Finance ministries are empowered with functions that allow them to lead a comprehensive, government-wide approach to address climate change.
Climate change is one of the most pressing global challenges, presenting profound implications for the environment, economies, and societies. Addressing this issue demands collaborative efforts from governments, businesses, and civil society.
While environment and climate change departments often lead climate policy development and implementation, finance departments are overlooked in the guiding and bolstering of climate action.
Central agencies, notably ministries of finance, must champion a comprehensive government-wide approach, encompassing all pertinent agencies, and incorporating climate considerations into public financial management and public investment management policies and decisions.
They can also incentivize national development banks to take on stronger green mandates. Many projects may have robust economic returns that in the absence of strong financial returns may not easily find private funding. These projects may have important downstream and positive spillover effects to accelerate the transition to a de-fossilized economy.
Similarly, finance ministries in their supervisory role can support the financial system in identifying stronger requirements on environmental, social and governance (ESG) reporting standards and disclosure requirements. This would generate multiple benefits including enhancing investment opportunities.
Unlike many other government ministries, finance departments generally possess a suite of functions, capacities and instruments that empower them to instigate transformations across the economy essential for realizing a climate-resilient, net-zero future.
Finance ministries or departments can take a lead role in climate policy in the following ways:
Budget Allocation for Climate Investments: Finance departments hold the mandate to allocate budgets across various governmental sectors. They critically assess cost-benefit analyses, life-cycle costs, and value-for-money in public-private partnerships, ensuring efficient allocation to climate mitigation and adaptation initiatives. This encompasses prioritizing investments in renewable energy, sustainable transport, and climate-resilient infrastructure. By designating funds and incentives for eco-friendly projects, finance departments can amplify the scale and efficacy of climate action.
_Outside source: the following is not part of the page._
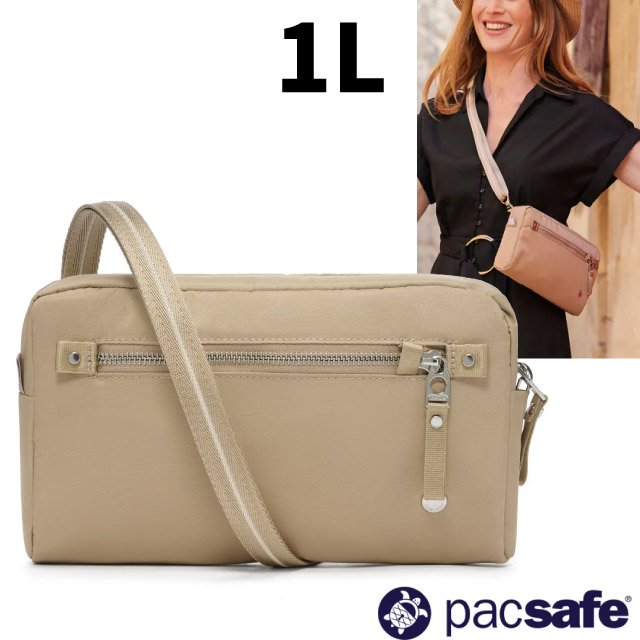 【Pacsafe】W 3-In-1 Sling 三用防盜手拿側背包 1L.單肩側背包.RFID護照包.手拿隨身包/防割裂鋼網.防割背帶/20461207 卡其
Fiscal Policy: Fiscal strategies, encompassing taxation and subsidies, have a pronounced effect on greenhouse gas emissions. Finance departments can sculpt these policies to deter carbon-heavy activities and promote low-carbon alternatives, such as imposing carbon taxes or offering tax breaks for green technologies. Aligning fiscal policies with climate objectives propels a shift towards a sustainable economic model.
Mobilizing Climate Finance: Effective climate action frequently necessitates financial resources surpassing governmental capacities. Finance departments are instrumental in harnessing climate finance from global avenues like climate funds and developmental agencies. They can secure funding for climate endeavors and ensure its judicious application to meet climate targets.
Finance departments are pivotal to the success of climate policies
Several countries in Asia and the Pacific are integrating climate action into their budgetary cycles. Nepal's Ministry of Finance, for instance, incorporates a Climate Budget in its Consolidated Financial Statements. Countries like the Philippines employ climate budget tagging to trace climate spending.
Indonesia established the Committee for Acceleration of Priority Infrastructure Delivery, an inter-ministerial consortium inclusive of the Finance Ministry, tasked with coordinating infrastructure planning and project prioritization based on societal and economic returns.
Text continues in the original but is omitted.